Hidden sources of salt in our diet
After a diagnosis of heart disease, BP or kidney disease, “reduce salt intake” is one of the first pieces of advice doctors offer. Sodium contributes to fluid retention, and too much sodium is one of the most common trigger. For this reason, doctors recommend to limit salt intake to 1,500 to 2,000 milligrams of sodium per day.
So how to do that? putting away the salt shaker, learning to cook with other flavors, such as garlic, citrus, and herbs, you may be avoiding obvious offenders but the culprit is often hidden salt. Here’s a list of some of the biggest “salt traps” to avoid.
More than 90% of sodium occurs as salt (sodium chloride, NaCl).
Sodium chloride, or table salt, is approximately 40% sodium.

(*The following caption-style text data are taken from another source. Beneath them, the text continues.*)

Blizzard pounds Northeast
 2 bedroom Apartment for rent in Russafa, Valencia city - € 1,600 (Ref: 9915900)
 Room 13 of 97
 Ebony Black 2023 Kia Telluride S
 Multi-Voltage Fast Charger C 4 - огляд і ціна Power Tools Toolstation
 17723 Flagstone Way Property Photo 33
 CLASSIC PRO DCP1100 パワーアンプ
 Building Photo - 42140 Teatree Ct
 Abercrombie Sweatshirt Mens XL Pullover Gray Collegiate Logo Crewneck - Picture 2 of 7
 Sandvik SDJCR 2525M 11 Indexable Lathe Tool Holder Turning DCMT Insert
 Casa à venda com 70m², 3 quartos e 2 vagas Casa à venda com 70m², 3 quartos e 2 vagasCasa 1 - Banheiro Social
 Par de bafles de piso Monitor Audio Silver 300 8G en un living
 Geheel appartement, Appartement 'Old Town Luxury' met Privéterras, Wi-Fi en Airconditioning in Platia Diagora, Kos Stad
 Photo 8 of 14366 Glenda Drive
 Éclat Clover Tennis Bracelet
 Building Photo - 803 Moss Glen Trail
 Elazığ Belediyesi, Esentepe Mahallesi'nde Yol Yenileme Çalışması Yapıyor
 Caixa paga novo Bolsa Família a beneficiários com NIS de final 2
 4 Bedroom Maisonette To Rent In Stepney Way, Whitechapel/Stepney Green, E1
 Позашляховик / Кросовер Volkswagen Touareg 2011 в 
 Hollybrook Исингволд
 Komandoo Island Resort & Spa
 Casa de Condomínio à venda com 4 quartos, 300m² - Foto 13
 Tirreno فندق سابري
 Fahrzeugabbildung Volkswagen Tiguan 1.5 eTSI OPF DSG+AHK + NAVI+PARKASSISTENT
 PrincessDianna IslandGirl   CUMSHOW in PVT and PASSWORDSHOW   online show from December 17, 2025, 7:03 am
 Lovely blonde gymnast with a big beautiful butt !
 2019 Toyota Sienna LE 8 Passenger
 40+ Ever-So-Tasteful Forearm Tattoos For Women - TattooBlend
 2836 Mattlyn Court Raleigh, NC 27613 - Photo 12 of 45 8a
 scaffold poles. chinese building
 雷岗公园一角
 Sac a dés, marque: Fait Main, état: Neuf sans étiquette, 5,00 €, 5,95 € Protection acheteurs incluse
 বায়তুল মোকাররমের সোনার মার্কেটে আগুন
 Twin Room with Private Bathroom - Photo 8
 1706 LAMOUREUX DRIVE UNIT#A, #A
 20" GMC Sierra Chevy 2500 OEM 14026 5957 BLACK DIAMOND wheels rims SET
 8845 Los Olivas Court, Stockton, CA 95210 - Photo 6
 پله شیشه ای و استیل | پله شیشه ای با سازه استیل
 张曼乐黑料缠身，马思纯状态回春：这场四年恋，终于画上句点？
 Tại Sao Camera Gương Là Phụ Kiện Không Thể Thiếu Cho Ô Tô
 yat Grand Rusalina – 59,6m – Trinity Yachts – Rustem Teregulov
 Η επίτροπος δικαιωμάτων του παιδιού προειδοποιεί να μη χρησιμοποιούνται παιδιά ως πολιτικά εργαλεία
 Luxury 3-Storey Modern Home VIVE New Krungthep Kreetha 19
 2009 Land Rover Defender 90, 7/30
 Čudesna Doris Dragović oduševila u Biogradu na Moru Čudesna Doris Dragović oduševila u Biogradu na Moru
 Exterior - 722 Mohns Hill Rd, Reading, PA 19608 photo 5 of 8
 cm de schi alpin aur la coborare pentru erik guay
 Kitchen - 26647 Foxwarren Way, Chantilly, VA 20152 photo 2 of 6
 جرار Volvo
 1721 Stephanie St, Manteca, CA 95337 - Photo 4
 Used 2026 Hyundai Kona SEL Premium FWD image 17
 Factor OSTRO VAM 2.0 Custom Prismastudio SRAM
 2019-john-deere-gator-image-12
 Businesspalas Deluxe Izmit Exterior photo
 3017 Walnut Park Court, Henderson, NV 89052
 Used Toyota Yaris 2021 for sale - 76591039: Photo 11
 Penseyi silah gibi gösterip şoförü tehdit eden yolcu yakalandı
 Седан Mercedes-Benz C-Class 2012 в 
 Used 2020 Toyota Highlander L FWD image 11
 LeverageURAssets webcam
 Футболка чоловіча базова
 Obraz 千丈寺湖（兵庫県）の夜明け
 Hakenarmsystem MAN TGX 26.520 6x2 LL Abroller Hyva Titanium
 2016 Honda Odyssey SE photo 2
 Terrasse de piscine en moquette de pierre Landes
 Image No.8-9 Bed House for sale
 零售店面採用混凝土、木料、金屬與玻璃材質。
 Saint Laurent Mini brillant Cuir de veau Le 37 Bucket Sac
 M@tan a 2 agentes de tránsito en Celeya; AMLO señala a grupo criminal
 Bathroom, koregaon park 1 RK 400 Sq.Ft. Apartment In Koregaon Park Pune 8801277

More than 75% of salt intake is derived from processed foods.
Cereal products including breakfast cereals, bread, cakes, and biscuits provide about a third of the salt in our diet.
Meat and meat products provide just over a quarter of the salt in our diet.
Other forms of sodium which are used as additives in food processing, usually to add flavor, texture, or as a preservative. For example, monosodium glutamate is commonly used as a flavor enhancer, also baking soda, baking powder.
Churans and mukhwas used as digestive aid in Indian diets are high in salt in the form of chat masala, rock salt. If eaten in limits like a tsp a day is fine, but overdoing the same can cause problem.
Sodium and chloride levels are comparatively low in all foods which have not been processed. Since most foods in their natural state contain sodium, you need to be aware of both natural and added sodium content when you choose foods to lower your sodium intake.